JAKARTA - Prancis akan menyelenggarakan konferensi dengan Inggris dalam beberapa hari mendatang untuk mempertemukan negara-negara yang bersedia berkontribusi pada misi multinasional yang bertujuan untuk memulihkan kebebasan navigasi di Selat Hormuz.
Presiden Prancis Emmanuel Macron mengatakan inisiatif tersebut akan berfokus pada pembentukan “misi multinasional damai” untuk mengamankan jalur maritim melalui jalur air strategis tersebut, menekankan upaya tersebut akan “murni defensif” dan terpisah dari pihak-pihak yang terlibat dalam konflik.
Misi tersebut dimaksudkan untuk dikerahkan "sesegera setelah keadaan memungkinkan."
Pengumuman itu merupakan bagian dari upaya Prancis yang lebih luas untuk mendorong resolusi diplomatik terhadap konflik yang meningkat di Timur Tengah.

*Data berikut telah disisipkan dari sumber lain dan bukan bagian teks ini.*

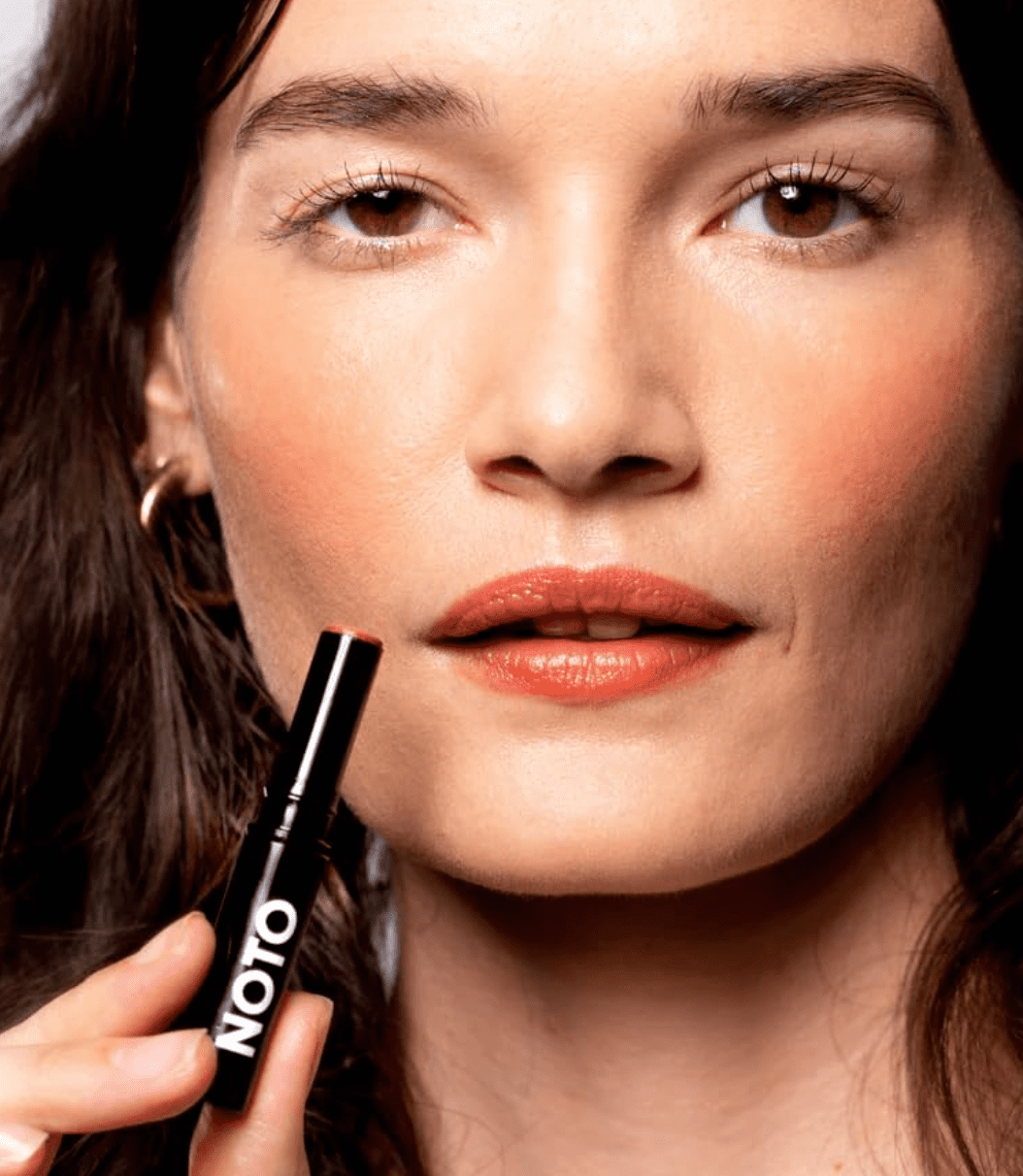 NOTO Botanics - Ono Ono - Multi-Bene Stick // (Lips + Cheeks)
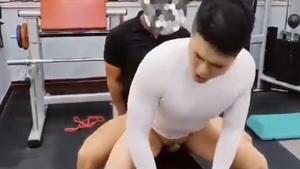 Chinese Fitness trainer tempt And pounds Trainer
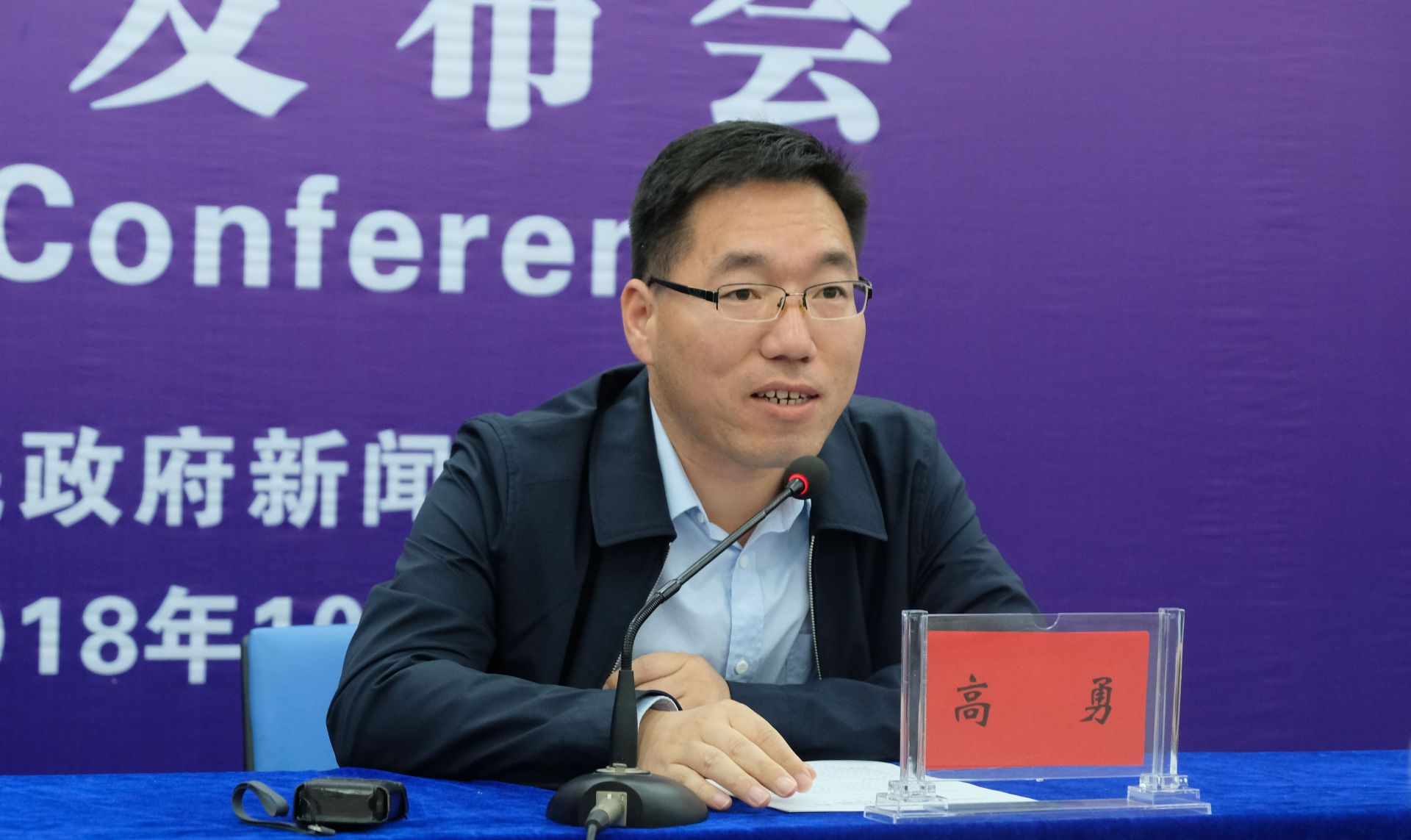 发布会上,房县县委常委,宣传部部长高勇介绍了中国扶贫日·湖北旅游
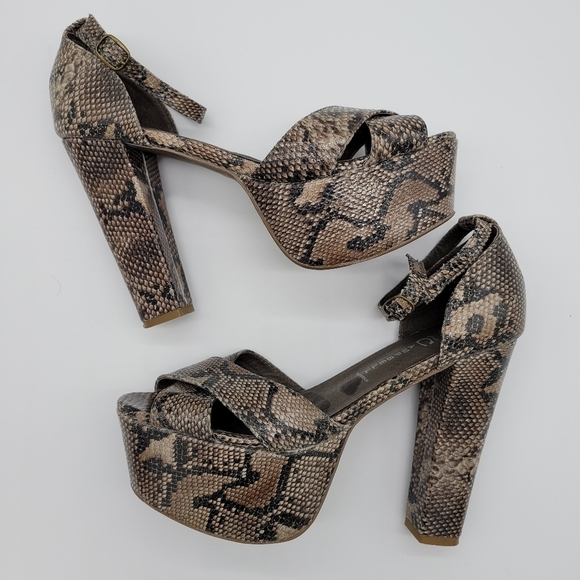 Carmen Platform Leather Sandals Jeffrey Campbell 9 - Picture 3 of 13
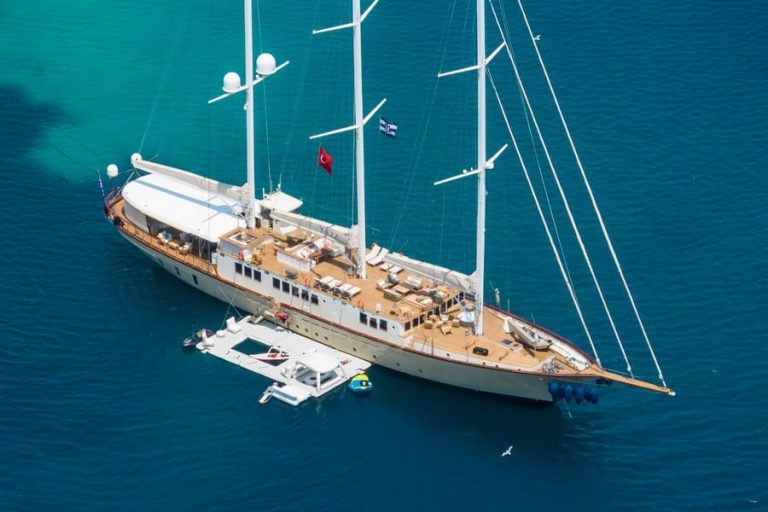 Yazz Yacht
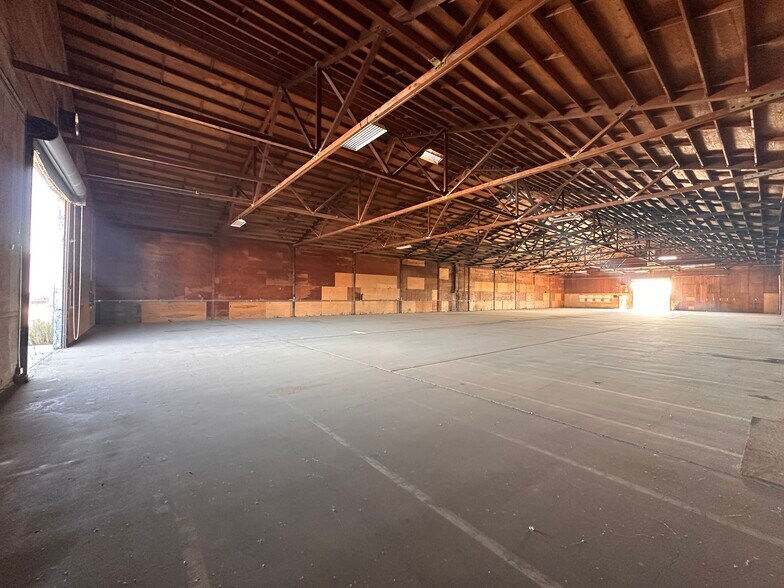 More Photos Of 108 Alpine Dr, Gonzales Warehouse For Sale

Dilansir ANTARA dari Anadolu, Senin, 13 April, Macron menekankan "tidak ada upaya yang boleh diabaikan" untuk mencapai penyelesaian yang cepat dan langgeng melalui diplomasi, menyerukan kerangka kerja yang memungkinkan semua pihak di kawasan tersebut untuk hidup dalam perdamaian dan keamanan.
Dia menggarisbawahi solusi jangka panjang apa pun harus mengatasi isu-isu utama, termasuk aktivitas nuklir dan rudal balistik Iran, tindakan regionalnya, dan kebutuhan mendesak untuk memulihkan "navigasi bebas dan tanpa hambatan" di Selat Hormuz.
Macron juga menunjuk pada pentingnya menstabilkan Lebanon, dengan mengatakan negara itu harus kembali ke jalan perdamaian dengan menghormati sepenuhnya kedaulatan dan integritas wilayahnya.
Menegaskan kembali posisi Prancis, dia mengatakan Paris siap untuk "memainkan peran penuhnya" dalam upaya diplomatik dan keamanan, seperti yang telah diupayakan sejak awal konflik.